What follows is a blow by blow description of the games so far.


Game 1, October 4
Berlin Wall

Lucena, the fifteenth-century chess theoretician, would be happy. His advice to distract the opponent with blinding light was unwittingly followed in Bahrain. According to match director Malcolm Pein, on Oct. 3, the day before the first game, world-champion Kramnik asked to examine the pieces. To the surprise of the match organizers, he pronounced them unacceptable because he said they were too shiny and reflected the stage lights. He left the playing area, and the organizers were dismayed, worried that he might refuse to play. "First we got some sandpaper," noted Pein, "but this ruined the pieces." They then bought some dark varnish and hastily painted the pieces to try to reduce the glare.
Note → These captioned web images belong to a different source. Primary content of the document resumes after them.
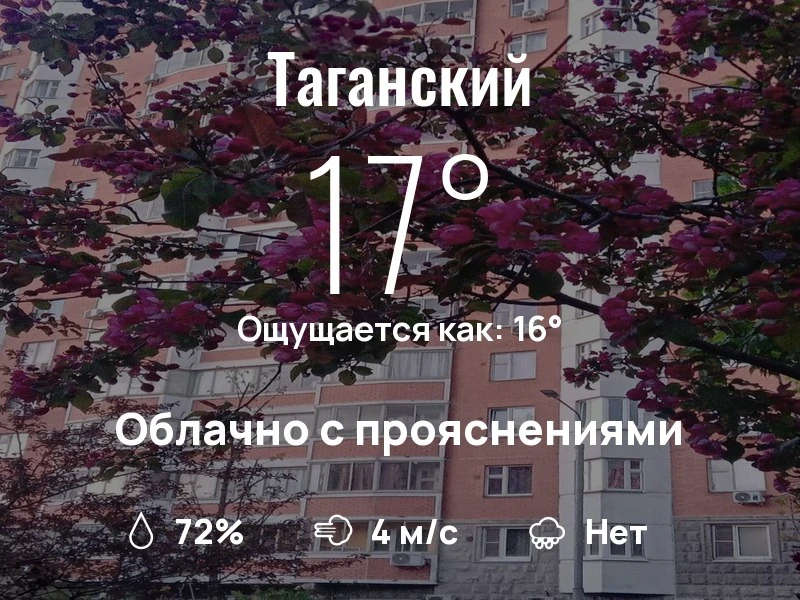 Что с погодой в Таганском?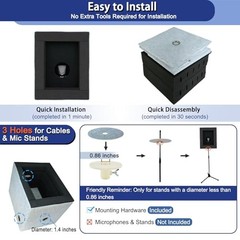 Enclosed Vocal Booth, Portable Microphone Isolation Shield, Foldable
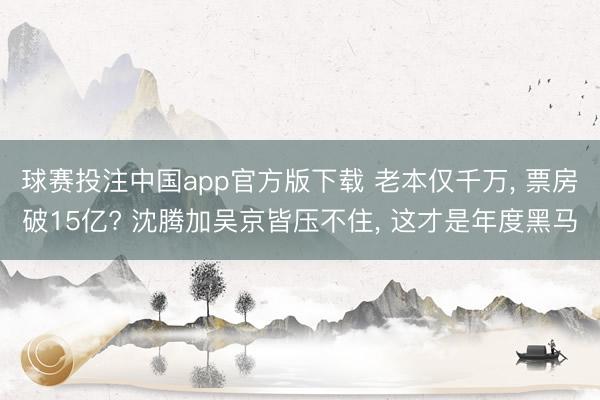 球赛投注中国app官方版下载 老本仅千万, 票房破15亿? 沈腾加吴京皆压不住, 这才是年度黑马
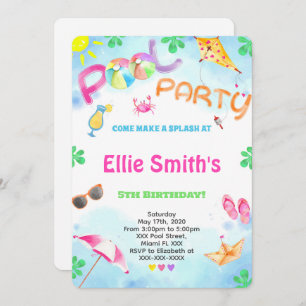 Girl Pool Birthday Invitation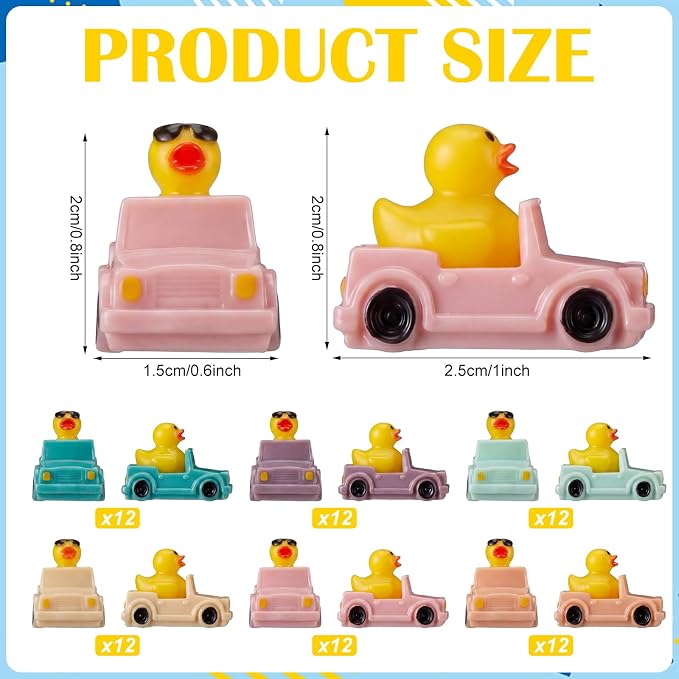 72 Pcs Mini Resin Ducks for Car Tiny Duck Miniature Duck Gifts for Vehicle Dashboard Decorations Party Favors Birthday Class Exchange Gifts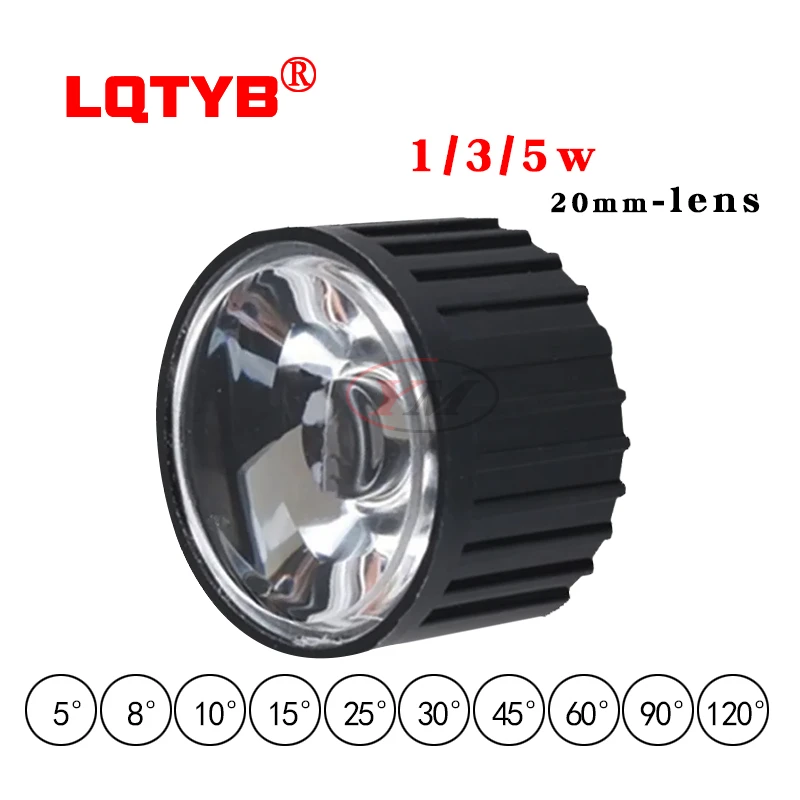 

High Power 1W 3W 5W LED Lens 20MM PMMA lens with bracket mirror 1030456090120 degree mirror collimating convex optical lens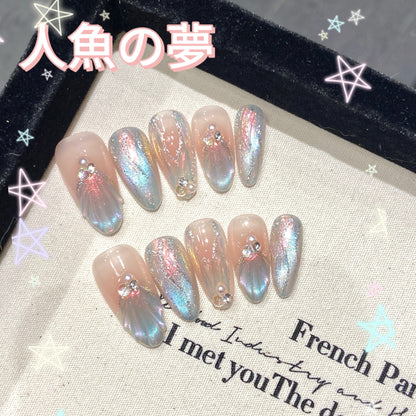 【人魚微夢】蔷薇真珠飾夢幻可愛純欲神秘高級感着用甲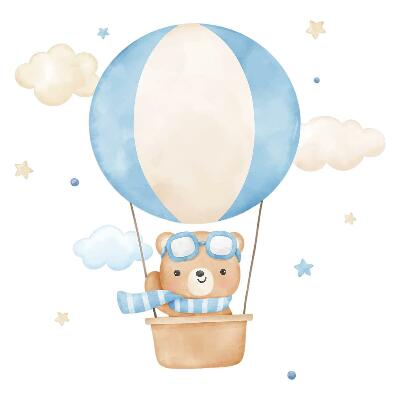 Faltetoválások 100x152 Aranyos medve lufival a felhőkben pasztell akvarell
But the next day, the pieces were too sticky to touch. "We faced the prospect of Kramnik picking up his kings pawn and being unable to let go," said Pein. "Frankly I was panicking and I was not alone." Just before the game, someone had the clever idea of placing the pieces in the refrigerator to hasten the drying. Kramnik then found them to be acceptable. Deep Fritz, of course, was oblivious to all the fuss.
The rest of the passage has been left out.